The limited observation space is meant to mimic a realistic elevator environment, where only available data to an elevator system are what buttons are pressed on each floor for the queues, as well as the destination floor buttons within the elevators. We don’t know any of the passengers’ true destinations in the queue or how many passengers pressed the destination buttons. Lastly, the elevators know what floor they are on.

The raw observation space is implemented as a Dict space with MultiBinary spaces for the elevator buttons and queue buttons, with a MultiDiscrete space for the elevator locations.

Unfortunately, not all learning algorithms are built to work with the Dict space, so we have a flatten_space parameter in the environment that takes all of the Dict components above and turns it into a large MultiBinary space equal to length (num_floors x num_elevators) + (num_floors x 2) + (num_floors x num_elevators) corresponding to the elevator buttons, elevator queues, and elevator locations respectively. This should be compatible with common tools such as stable-baselines.

Environment Step

The environment step function does the usual things one would expect from a gymnasium environment, but here are the details about what happens to the underlying component states:

  1. Generate new passengers with the passenger arrival generator

  2. Remove passengers in elevator queues that have reached their maximum wait time

  3. Attempt to add new passengers to elevator queues and tracking failed joins from maximum size queues

  4. Execute each action for each elevator in the building in the order they were provided; the first elevator in the building elevators list executes the first action passed into the step function

  5. Increment passenger wait and age properties

  6. Increment the environment step number

  7. Return observation space, reward and termination status

Reward Function

The reward function applies a dictionary of weights to multiplied by the corresponding attributes returned from the building. There are positive and negative components to the reward function that should contribute positively and negatively to the final reward value respectively.

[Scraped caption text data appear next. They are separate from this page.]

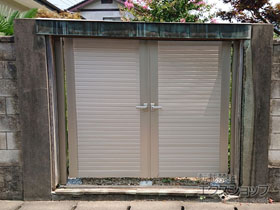 の門扉 シンプレオ門扉5型 横目隠し 両開き 高尺タイプ 門柱使用 施工例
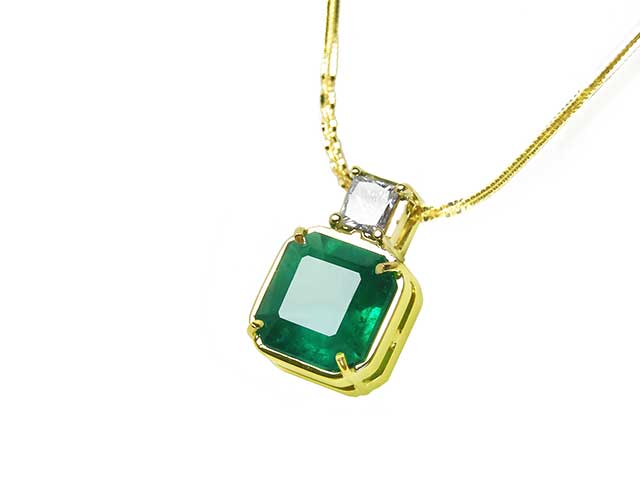 Wholesale Colombian Asscher cut emerald necklace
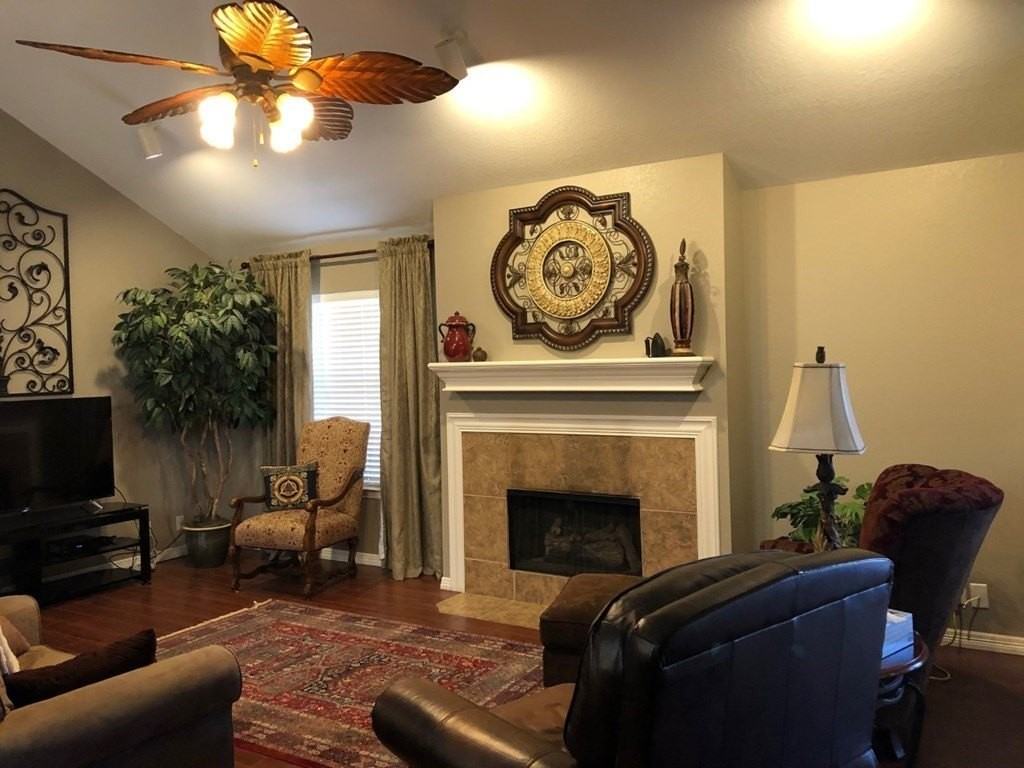 3512 Shell Ave - Photo 4 of 20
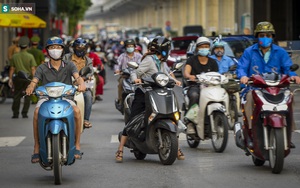 Ảnh: Đường phố Hà Nội vẫn đông trước ngày siết chặt giấy đi đường mới có mã QR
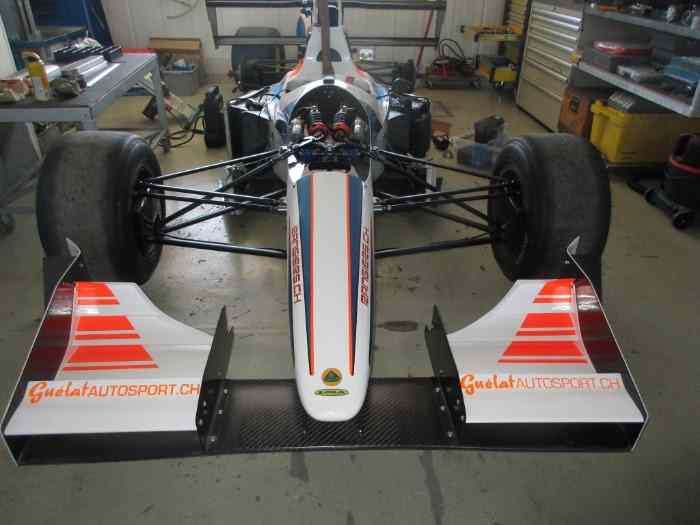 LOLA F3000 1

Below, the components are listed in order from highest to lowest weights using the default parameters, although the user can provide any of their own weights to the environment.

Positive Components

  • The count of assengers unloaded to their destination floor

  • The count of passengers that were moved toward their destination floor while in an elevator

Negative Components

  • The count of passengers that tried to join a full queue and were denied

  • The count of passengers that reached their maximum wait time and left the queue

  • The count of passengers that were moved away from their destination floor while in an elevator

  • The count of passengers in an elevator

  • The count of passengers in a queue

Advanced Usage

While this environment is designed to work without any additional definition inputs from the user, it can be modified by the user in a number of ways to test alternative goals and building layout scenarios:

  • Simulating a workout gym/restaurant on an upper floor by increasing its destination probability and arrival probabilities

  • Restricting certain elevators to only lower or upper floors to focus on localized transport for buildings with a lot of non-ground floor travel.

  • Prioritizing getting passengers onto elevators at the cost of going in the opposite direction for a floor or two rather than having them continue to wait and max out queues.

This is a well-researched subject area, but as buildings become larger and more complicated, we believe that reinforcement learning may be a way to test novel configurations and automatically generate policies rather than involve lengthy manual implementations.

Limitations

We have some large assumptions around the equivalence of various actions’ time for execution which make it unrealistic for a real elevator environment, but which speed up the environment’s execution time but not having to learn actions for every single second.

Additionally, the visual rendering part of the environment is not yet implemented.